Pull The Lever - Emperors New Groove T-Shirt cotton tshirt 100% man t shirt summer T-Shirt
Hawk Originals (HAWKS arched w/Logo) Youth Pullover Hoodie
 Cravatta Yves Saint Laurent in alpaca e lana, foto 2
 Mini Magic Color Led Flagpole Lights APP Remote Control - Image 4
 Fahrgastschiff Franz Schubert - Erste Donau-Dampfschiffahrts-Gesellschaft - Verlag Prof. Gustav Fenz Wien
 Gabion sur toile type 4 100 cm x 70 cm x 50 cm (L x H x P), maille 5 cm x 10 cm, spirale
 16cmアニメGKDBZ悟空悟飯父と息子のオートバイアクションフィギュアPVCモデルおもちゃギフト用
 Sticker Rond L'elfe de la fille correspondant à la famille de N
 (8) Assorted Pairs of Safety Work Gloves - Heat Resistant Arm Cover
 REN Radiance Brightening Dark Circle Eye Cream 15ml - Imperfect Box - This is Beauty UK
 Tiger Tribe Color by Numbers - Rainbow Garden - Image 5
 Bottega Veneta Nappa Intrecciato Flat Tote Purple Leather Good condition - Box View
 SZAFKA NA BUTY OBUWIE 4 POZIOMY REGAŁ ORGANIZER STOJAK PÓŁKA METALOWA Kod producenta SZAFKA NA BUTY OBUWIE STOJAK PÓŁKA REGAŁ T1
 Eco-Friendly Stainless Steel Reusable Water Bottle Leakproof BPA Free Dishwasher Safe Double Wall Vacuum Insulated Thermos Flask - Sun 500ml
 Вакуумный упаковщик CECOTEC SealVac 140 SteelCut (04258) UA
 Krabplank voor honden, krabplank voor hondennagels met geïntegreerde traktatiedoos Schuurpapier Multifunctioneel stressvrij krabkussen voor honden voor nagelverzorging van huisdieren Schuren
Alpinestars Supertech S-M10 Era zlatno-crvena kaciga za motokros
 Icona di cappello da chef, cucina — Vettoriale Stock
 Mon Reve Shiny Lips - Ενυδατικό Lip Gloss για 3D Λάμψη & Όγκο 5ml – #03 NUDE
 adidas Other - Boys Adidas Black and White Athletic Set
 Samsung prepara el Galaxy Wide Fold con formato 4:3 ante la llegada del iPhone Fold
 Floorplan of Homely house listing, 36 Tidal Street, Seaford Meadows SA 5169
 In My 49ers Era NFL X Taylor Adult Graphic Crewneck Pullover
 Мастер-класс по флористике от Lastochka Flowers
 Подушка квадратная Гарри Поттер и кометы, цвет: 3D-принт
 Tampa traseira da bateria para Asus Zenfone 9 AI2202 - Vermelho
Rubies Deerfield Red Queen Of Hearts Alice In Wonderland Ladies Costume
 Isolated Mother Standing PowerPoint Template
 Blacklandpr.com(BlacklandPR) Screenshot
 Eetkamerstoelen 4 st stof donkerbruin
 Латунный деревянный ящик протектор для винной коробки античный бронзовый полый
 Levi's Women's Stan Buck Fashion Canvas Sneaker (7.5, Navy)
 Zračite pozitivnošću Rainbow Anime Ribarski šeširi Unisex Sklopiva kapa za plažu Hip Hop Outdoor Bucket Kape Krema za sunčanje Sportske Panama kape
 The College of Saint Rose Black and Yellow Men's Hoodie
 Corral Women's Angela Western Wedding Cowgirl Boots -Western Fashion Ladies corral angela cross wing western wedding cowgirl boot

» Task to complete: Write down, word for word, the lines above from the one containing "Mon Reve Shiny" through the one containing "Латунный деревянный ящик", both ends included.

» Finished exercise:
 Mon Reve Shiny Lips - Ενυδατικό Lip Gloss για 3D Λάμψη & Όγκο 5ml – #03 NUDE
 adidas Other - Boys Adidas Black and White Athletic Set
 Samsung prepara el Galaxy Wide Fold con formato 4:3 ante la llegada del iPhone Fold
 Floorplan of Homely house listing, 36 Tidal Street, Seaford Meadows SA 5169
 In My 49ers Era NFL X Taylor Adult Graphic Crewneck Pullover
 Мастер-класс по флористике от Lastochka Flowers
 Подушка квадратная Гарри Поттер и кометы, цвет: 3D-принт
 Tampa traseira da bateria para Asus Zenfone 9 AI2202 - Vermelho
Rubies Deerfield Red Queen Of Hearts Alice In Wonderland Ladies Costume
 Isolated Mother Standing PowerPoint Template
 Blacklandpr.com(BlacklandPR) Screenshot
 Eetkamerstoelen 4 st stof donkerbruin
 Латунный деревянный ящик протектор для винной коробки античный бронзовый полый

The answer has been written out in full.